__What you should do__. Could you print exactly the lines from the one that contains "112 West Meadow" to the end of the data, both ends included, and nothing else? Skip the pictures.
**** Task data ****
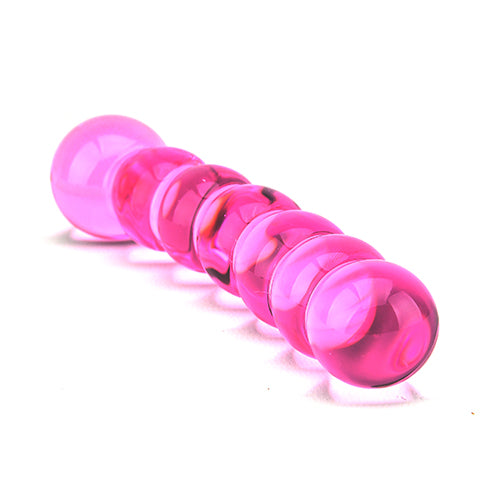 Pink glass tool on a white background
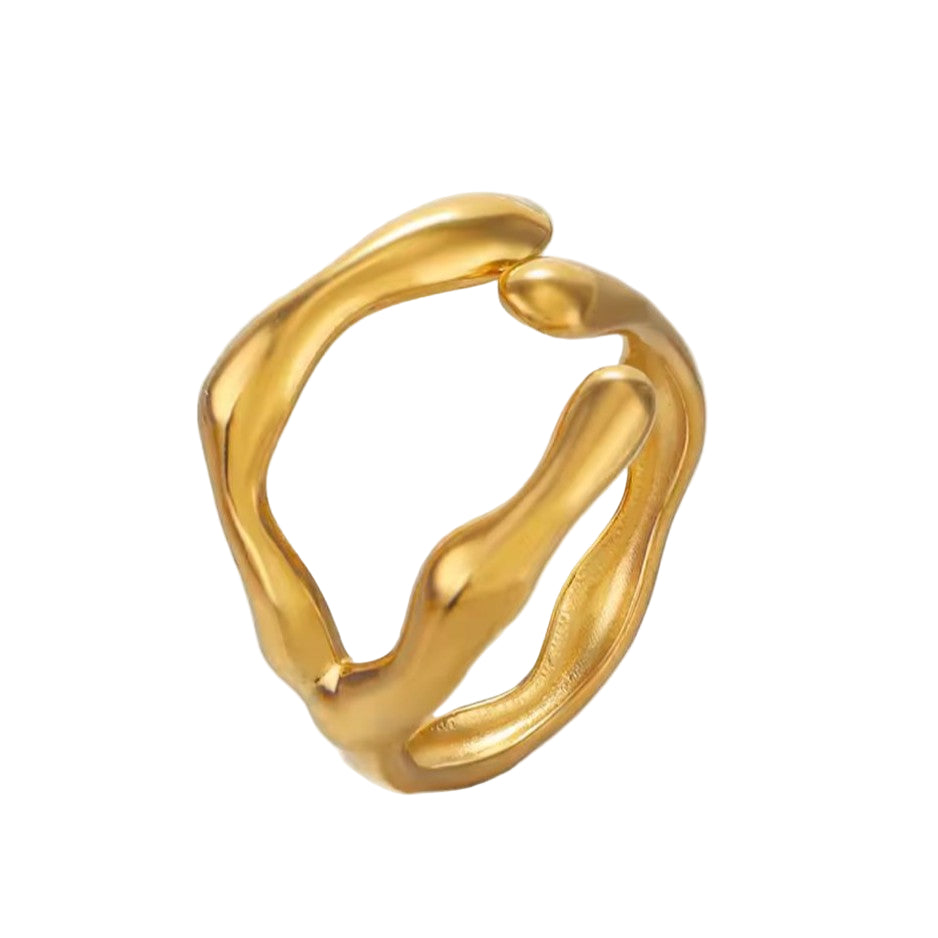 Gold ring with a wavy design on a white background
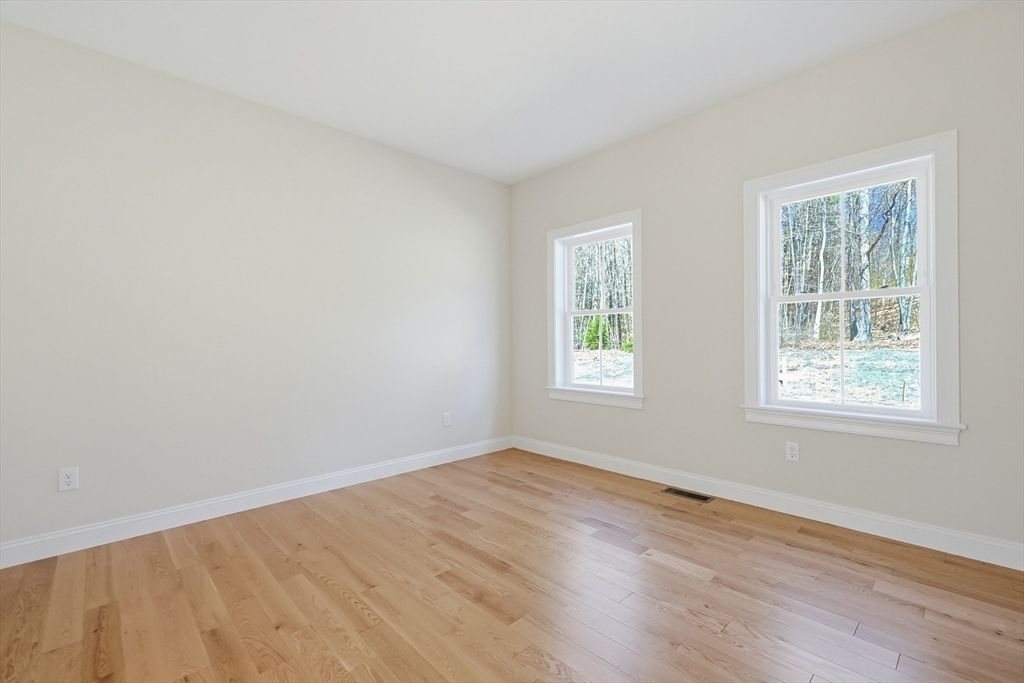 112 West Meadow Road Townsend, MA 01474 - Photo 13 of 38 an empty room with wooden floor and windows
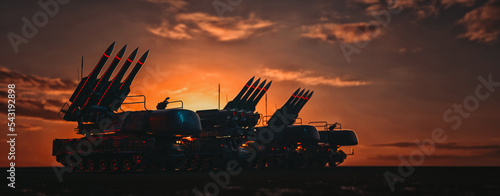 armored personnel carrier equipped with rockets and weapons backdround sky in the morning, 3d render and illustrater. photo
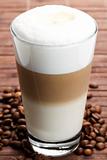 latte macchiato with coffee beans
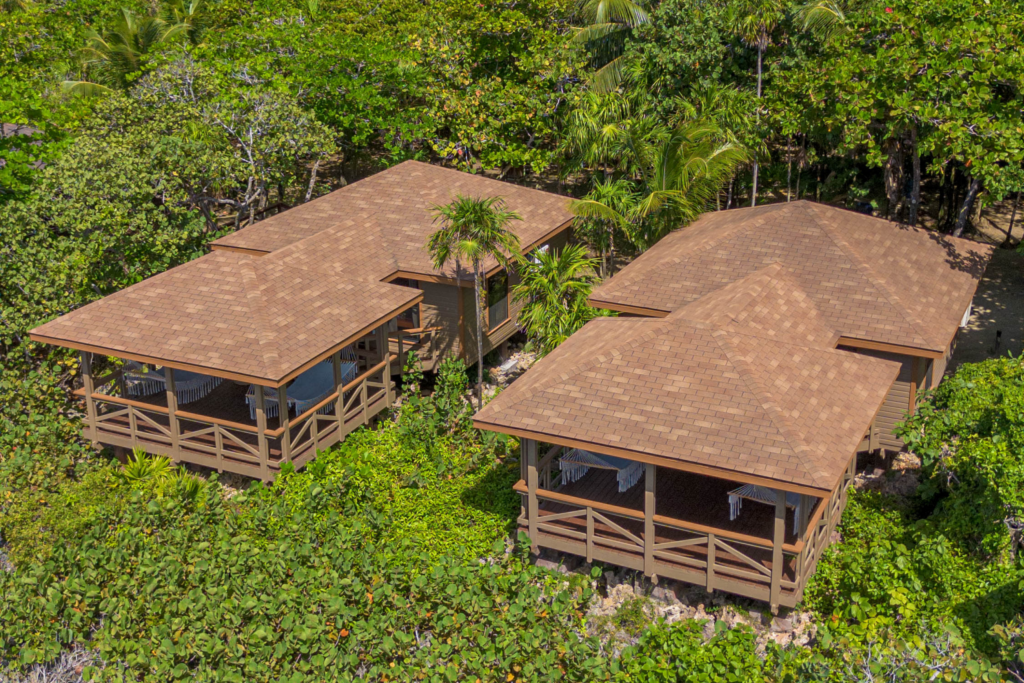  Key Deluxe Bungalow in Roatan with ocean views, wicker seating, and a handwoven hammock overlooking the Caribbean Sea.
****
__Exercise result__.
 112 West Meadow Road Townsend, MA 01474 - Photo 13 of 38 an empty room with wooden floor and windows
 armored personnel carrier equipped with rockets and weapons backdround sky in the morning, 3d render and illustrater. photo
 latte macchiato with coffee beans
  Key Deluxe Bungalow in Roatan with ocean views, wicker seating, and a handwoven hammock overlooking the Caribbean Sea.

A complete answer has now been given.